* Stored items *
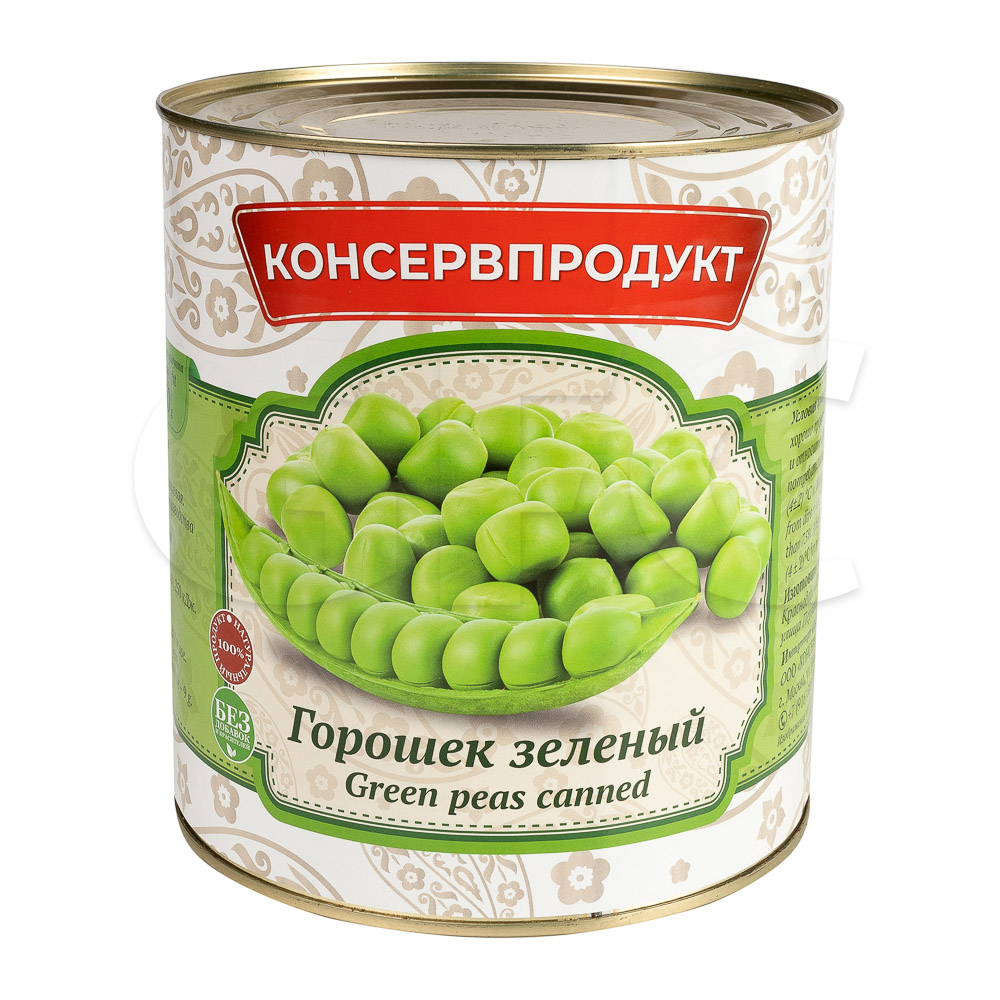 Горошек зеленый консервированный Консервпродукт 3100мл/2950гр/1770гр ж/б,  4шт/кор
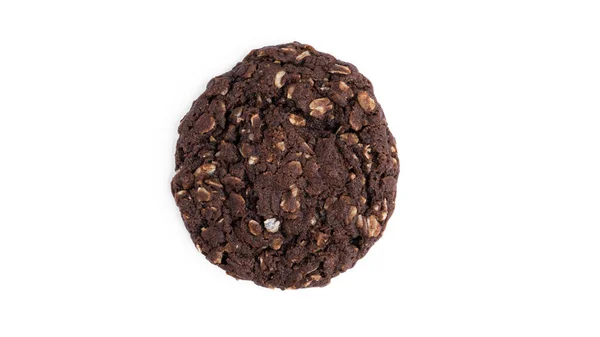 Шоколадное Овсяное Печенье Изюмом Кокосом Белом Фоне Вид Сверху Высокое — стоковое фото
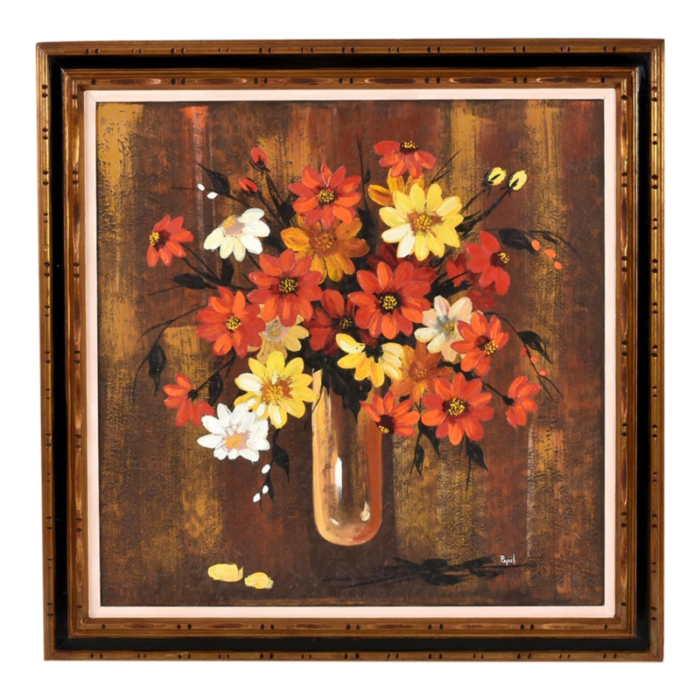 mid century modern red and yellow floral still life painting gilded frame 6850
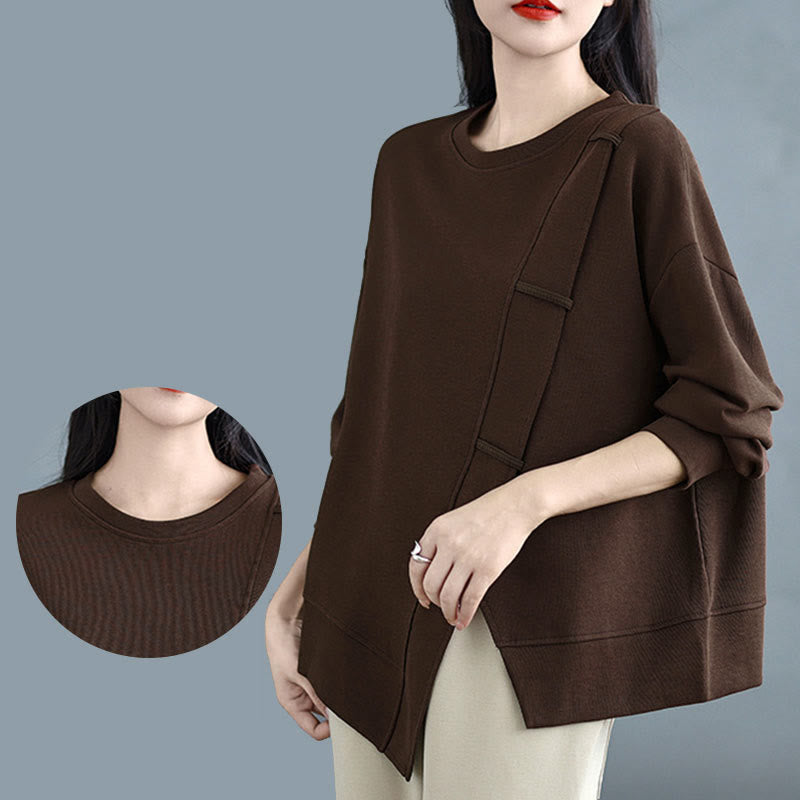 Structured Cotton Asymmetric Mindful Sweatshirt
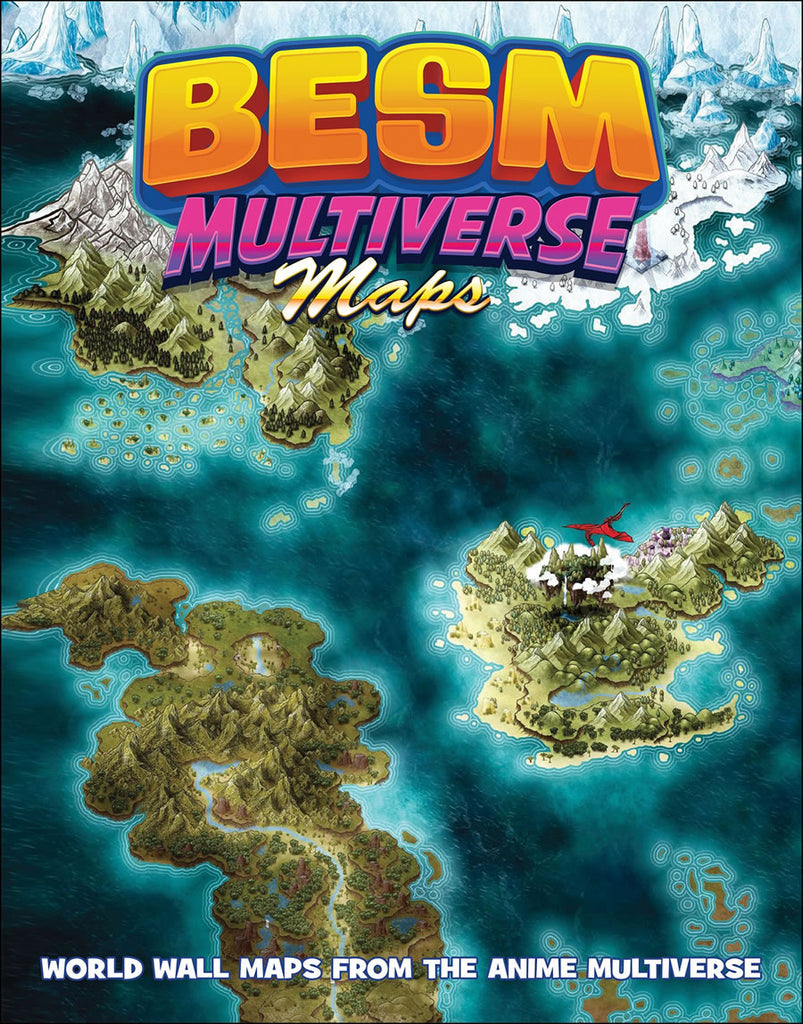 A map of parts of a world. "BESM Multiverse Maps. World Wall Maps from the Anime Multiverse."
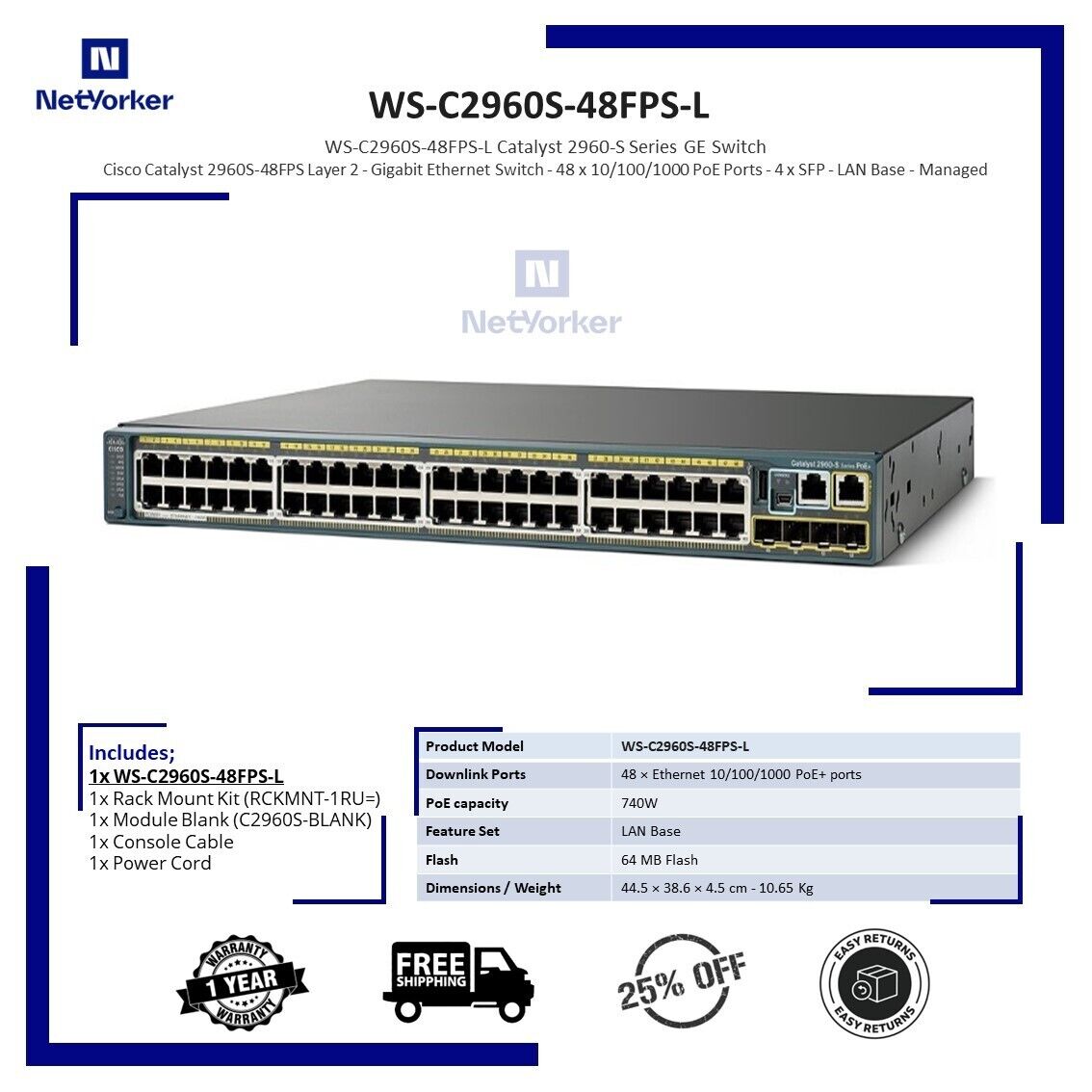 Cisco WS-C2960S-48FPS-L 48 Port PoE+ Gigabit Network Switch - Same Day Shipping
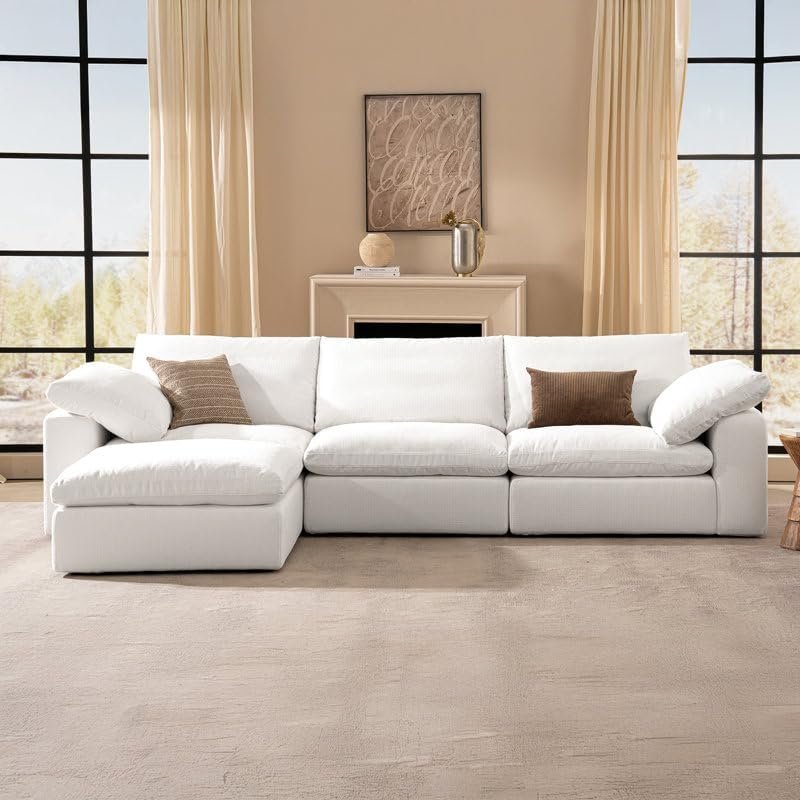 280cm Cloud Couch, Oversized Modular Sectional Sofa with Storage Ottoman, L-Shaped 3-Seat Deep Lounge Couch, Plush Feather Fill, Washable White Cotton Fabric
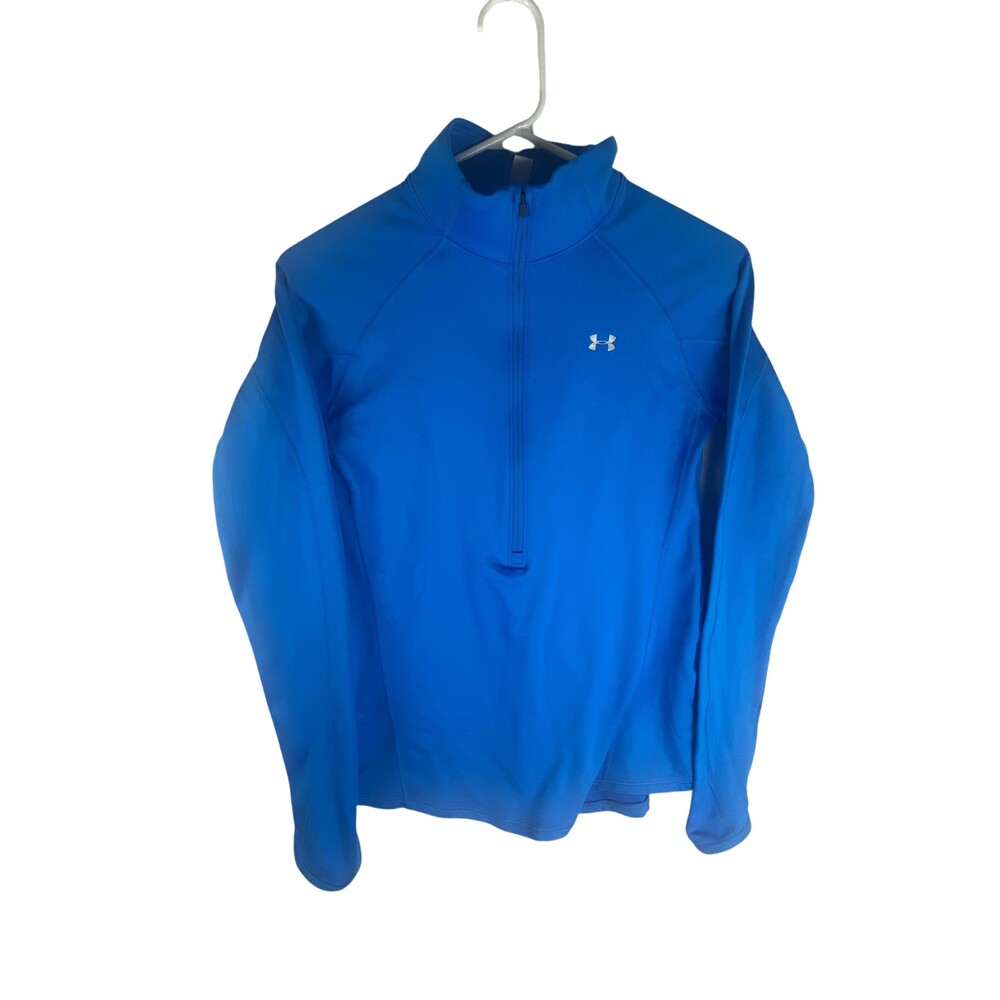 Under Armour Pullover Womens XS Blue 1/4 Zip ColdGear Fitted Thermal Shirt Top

* What you will do *
In the records above, find the line containing "Cisco WS-C2960S-48FPS-L 48", then write out exactly that line and every later one through the last, omitting pictures.

* Reply to the task *
 Cisco WS-C2960S-48FPS-L 48 Port PoE+ Gigabit Network Switch - Same Day Shipping
 280cm Cloud Couch, Oversized Modular Sectional Sofa with Storage Ottoman, L-Shaped 3-Seat Deep Lounge Couch, Plush Feather Fill, Washable White Cotton Fabric
 Under Armour Pullover Womens XS Blue 1/4 Zip ColdGear Fitted Thermal Shirt Top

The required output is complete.